**Activity**
Leave out the pictures, and retype only the lines from the beginning of the material through the line that contains "Right here, this", including both.

**Data for this task**
◆ ◆ ◆ ◆ ◆
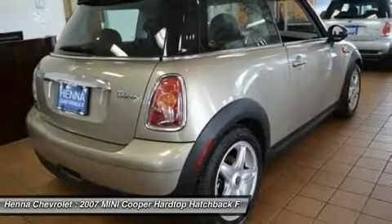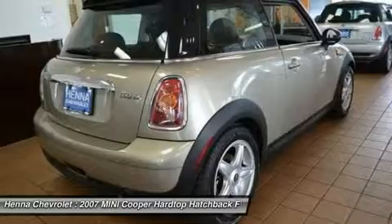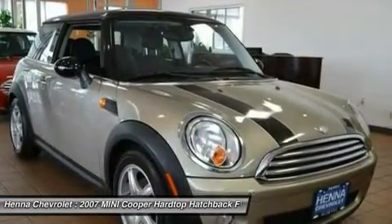Driver vanity mirror, passenger vanity mirror, driver illuminated vanity mirror, passenger illuminated visor mirror, front reading lamps, power outlet.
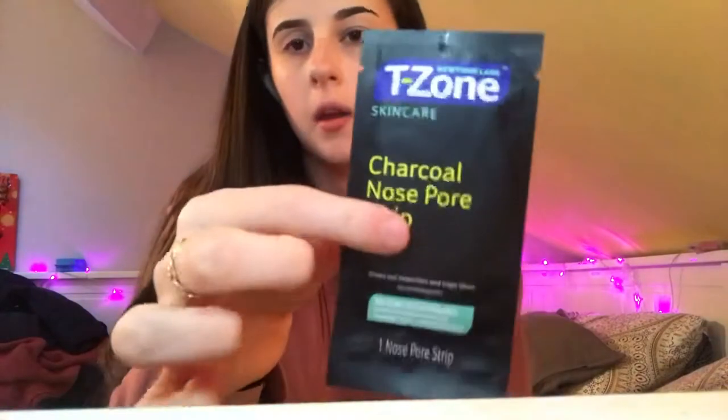It's not that bad compared to the makeup wipe — nowhere near as much residue. For the next part of my routine I'm going in with the T-Zone Skincare Charcoal Nose Pull Strip. I got these in a big bulk pack which is really good and I think they only cost me about two pounds. If you've never used one before, you basically put it on your nose and it pulls out blackheads and things like that.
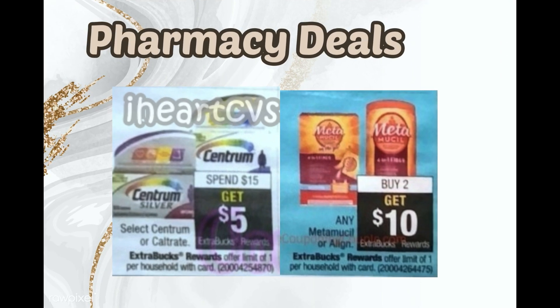Next are a couple of pharmacy deals. There's a Spend $15 Get a $5 Extra Buck for Centrum or Caltrate, and we do have some Centrum coupons. The Metamucil deal is Buy 2 Get $10 — it's any Metamucil or Align. Metamucil is $10 a container, so two containers for $20 gets you $10 back. There are also Metamucil Fiber Thins for kids, and if you have any digestive CRT you can use it with that.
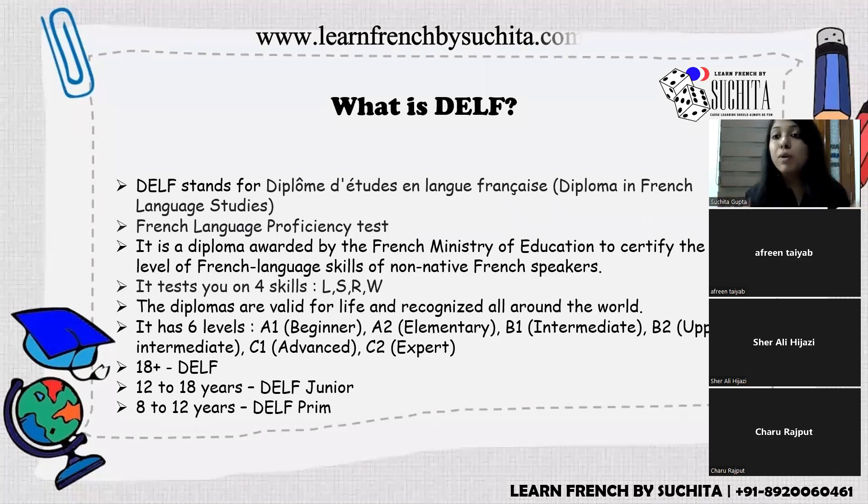Many people confuse DELF and DALF. DELF is D-E-L-F and DALF is D-A-L-F. They are not two different exams — it is one single examination with different terminology. For the first four levels A1, A2, B1, and B2, you say DELF. For C1 and C2, you call it DALF. So there is no such thing as DELF C1; it is DALF C1 and DALF C2.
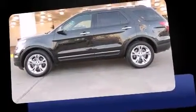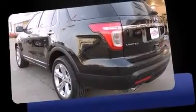Climb inside the 2013 Ford Explorer. It features four-wheel drive capabilities, a durable automatic transmission, and the 3.5-liter six-cylinder engine.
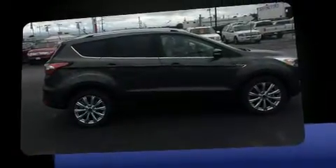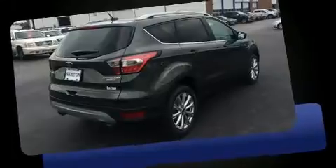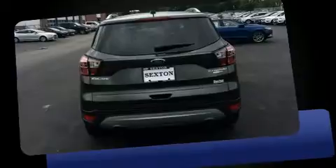Four-wheel drive allows you to go places you've only imagined. The engine breathes better thanks to a turbocharger, improving both performance and economy.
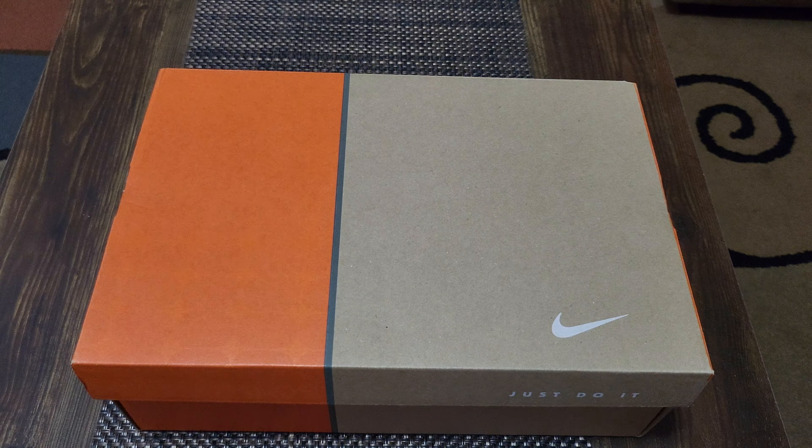Right here, this is the Air Force One Low Retro. Colorway is white, chocolate, metallic gold. Size is 11. Brief history — I did do some reading up on this shoe. I like to give you guys a little bit of background story on the shoe. This is the Air Force One.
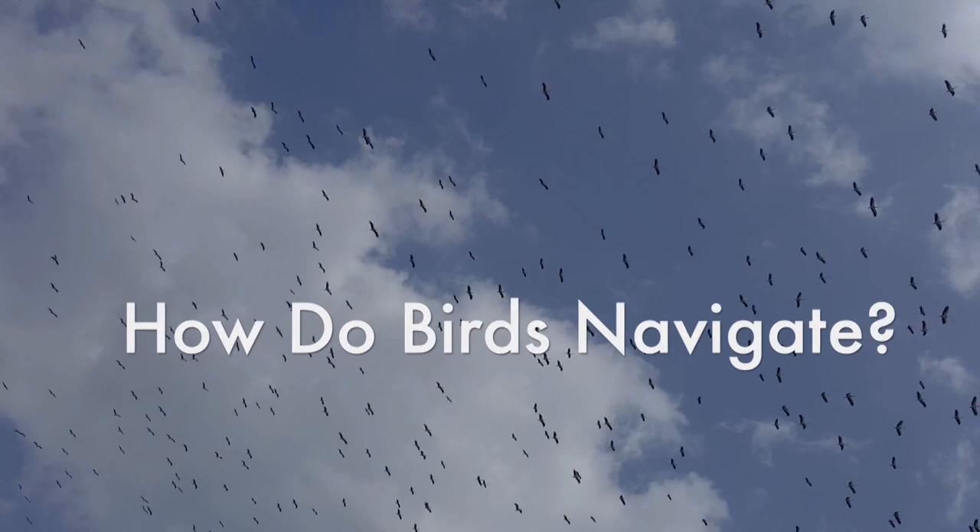Even though most of us are home right now, we're trying to spend a little time outside. The weather's getting nice, the plants and insects are coming back, and I've seen a lot of birds returning from their winter trips. This got me thinking — how do birds know where to travel? They don't use GPS like most of us would. Let's dig a little deeper and find out how birds navigate.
◆ ◆ ◆ ◆ ◆
**Task result**
Driver vanity mirror, passenger vanity mirror, driver illuminated vanity mirror, passenger illuminated visor mirror, front reading lamps, power outlet.
It's not that bad compared to the makeup wipe — nowhere near as much residue. For the next part of my routine I'm going in with the T-Zone Skincare Charcoal Nose Pull Strip. I got these in a big bulk pack which is really good and I think they only cost me about two pounds. If you've never used one before, you basically put it on your nose and it pulls out blackheads and things like that.
Next are a couple of pharmacy deals. There's a Spend $15 Get a $5 Extra Buck for Centrum or Caltrate, and we do have some Centrum coupons. The Metamucil deal is Buy 2 Get $10 — it's any Metamucil or Align. Metamucil is $10 a container, so two containers for $20 gets you $10 back. There are also Metamucil Fiber Thins for kids, and if you have any digestive CRT you can use it with that.
Many people confuse DELF and DALF. DELF is D-E-L-F and DALF is D-A-L-F. They are not two different exams — it is one single examination with different terminology. For the first four levels A1, A2, B1, and B2, you say DELF. For C1 and C2, you call it DALF. So there is no such thing as DELF C1; it is DALF C1 and DALF C2.
Climb inside the 2013 Ford Explorer. It features four-wheel drive capabilities, a durable automatic transmission, and the 3.5-liter six-cylinder engine.
Four-wheel drive allows you to go places you've only imagined. The engine breathes better thanks to a turbocharger, improving both performance and economy.
Right here, this is the Air Force One Low Retro. Colorway is white, chocolate, metallic gold. Size is 11. Brief history — I did do some reading up on this shoe. I like to give you guys a little bit of background story on the shoe. This is the Air Force One.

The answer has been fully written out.